Pourquoi rien n'a été fait depuis le Green Paper ? Sorti en 2002, avant la deuxième guerre en Irak, il annonçait des problèmes qui se sont effectivement révélés dans le Golf. Dans les faits, le Royaume-Uni est d'une certaine manière en guerre, ce qui ne lui laisse peut être pas beaucoup de temps pour s'occuper de mettre en place une organisation de contrôle des SMP, une pour le contrôle des contrats passés au titre du

PFI, etc. Cependant, si la régulation, comme nous serions tentés de le croire, est un réel avantage pour le gouvernement, pour l'Etat, pourquoi tarde-t-il à répondre au phénomène des SMP ? Est-il possible de prendre le contre-pied de cette question et de dire que le gouvernement n'a pas, en réalité, la volonté de réguler les SMP ? En effet, tous les obstacles à la réglementation des sociétés privées constituent une gêne pour l'Etat : les délais engendrés par l' enregistrement ou l' octroi d' une licence, les coûts d'un organisme de contrôle, la transparence nécessaire, tout cela pourrait en fait ne pas être absolument du goût de l'Etat.

Il s' agit donc, d' une part, de repenser le problème des SMP comme si elles n' étaient que des sociétés sous contrat avec le MoD, au titre de la PFI par exemple, et d'autre part de trouver une solution qui satisferait toutes les parties : gouvernement, SMP, etc.

Considérer les SMP comme des entreprises tout à fait normales aurait des conséquences délicates du point de vue du droit et de la morale. Ce serait, nous l'avons dit, faire de l' usage de la force un marché, un bien, que l'on pourrait vendre ou acheter. Une fois de plus, privatiser la force, usage régalien par excellence, serait un progrès dans la manière qu' on les Etats de gérer leurs relations internationales, de protéger leurs intérêts, selon la tradition économique libérale. Mais certains pensent que privatiser l'usage de la force, même de manière limitée et encadrée, reviendrait à diminuer le pouvoir et la souveraineté étatique. Si l'on confie à une société le pouvoir d'agir par la force, même dans un but juste et honorable, comment ensuite réaffirmer le rôle de l'Etat ? Se pose ici le problème de la légalité de l' externalisation. S' il est évident que tout est légal dans l'externalisation, la sous-traitance et l'emploi par un gouvernement de « contactors » civils, le phénomène met en exergue les limites du droit sous sa forme actuelle, qu'il soit international, privé, ou de la guerre.
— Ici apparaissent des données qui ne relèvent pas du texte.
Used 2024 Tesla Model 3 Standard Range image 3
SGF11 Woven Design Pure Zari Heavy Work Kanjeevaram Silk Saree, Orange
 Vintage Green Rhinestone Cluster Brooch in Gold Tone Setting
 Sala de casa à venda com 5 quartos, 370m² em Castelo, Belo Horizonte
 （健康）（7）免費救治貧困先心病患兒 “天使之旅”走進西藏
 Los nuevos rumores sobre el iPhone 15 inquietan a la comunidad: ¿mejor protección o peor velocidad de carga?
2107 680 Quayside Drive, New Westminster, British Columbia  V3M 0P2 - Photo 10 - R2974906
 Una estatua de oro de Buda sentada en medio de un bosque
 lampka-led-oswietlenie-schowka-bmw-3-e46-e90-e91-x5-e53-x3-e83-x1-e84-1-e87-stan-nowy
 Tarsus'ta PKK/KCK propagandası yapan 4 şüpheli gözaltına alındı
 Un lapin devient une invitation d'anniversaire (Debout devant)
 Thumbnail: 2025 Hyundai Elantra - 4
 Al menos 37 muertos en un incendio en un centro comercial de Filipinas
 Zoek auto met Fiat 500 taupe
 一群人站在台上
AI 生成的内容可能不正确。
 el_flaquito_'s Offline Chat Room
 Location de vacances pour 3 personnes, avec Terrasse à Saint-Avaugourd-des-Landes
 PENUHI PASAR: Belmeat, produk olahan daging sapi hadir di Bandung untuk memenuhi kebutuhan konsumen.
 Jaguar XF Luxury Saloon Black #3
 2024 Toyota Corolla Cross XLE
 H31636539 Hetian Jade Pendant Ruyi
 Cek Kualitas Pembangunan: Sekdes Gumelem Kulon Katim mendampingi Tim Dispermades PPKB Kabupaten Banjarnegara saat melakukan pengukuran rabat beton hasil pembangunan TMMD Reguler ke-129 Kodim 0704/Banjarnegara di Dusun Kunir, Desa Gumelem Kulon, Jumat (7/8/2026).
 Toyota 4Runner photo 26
Nous connaissons les textes en vigueur concernant les mercenaires, notamment la Convention Internationale contre le Recrutement, l'Utilisation, le Financement et l'Instruction des Mercenaires, adoptée par l'ONU le 4 décembre 1989 (Cf. Annexe IV). La définition d'un mercenaire qui nous est donnée par cette convention est très restrictive et énonce plusieurs critères cumulatifs qui sont très rarement satisfaits :

«Le terme "mercenaire" s'entend de toute personne:

a) Qui est spécialement recrutée dans le pays ou à l'étranger pour combattre dans

un conflit armé;

b) Qui prend part aux hostilités essentiellement en vue d'obtenir un avantage personnel et à laquelle est effectivement promise, par une partie au conflit ou en son nom, une rémunération matérielle nettement supérieure à celle qui est promise ou payée à des combattants ayant un rang et une fonction analogues dans les forces armées de cette partie;

c) Qui n'est ni ressortissante d'une partie au conflit, ni résidente du territoire contrôlé par une partie au conflit;

d) Qui n'est pas membre des forces armées d'une partie au conflit; et

e) Qui n'a pas été envoyée par un Etat autre qu'une partie au conflit en mission officielle en tant que membre des forces armées dudit Etat. » 25

Dès lors, il devient très difficile de faire valoir cette déclaration, de l' appliquer et de sanctionner les contrevenants. Il est intéressant de noter que les employés de SMP peuvent facilement être considérés comme des mercenaires, si l' alinéa e) ne les excluait pas de la définition, bien que ce point soit très limite au regard de la loi : en effet, les employés civils d'entreprises ne font pas partie des forces armées, alors qu'il sont cependant mandatés par un Etat.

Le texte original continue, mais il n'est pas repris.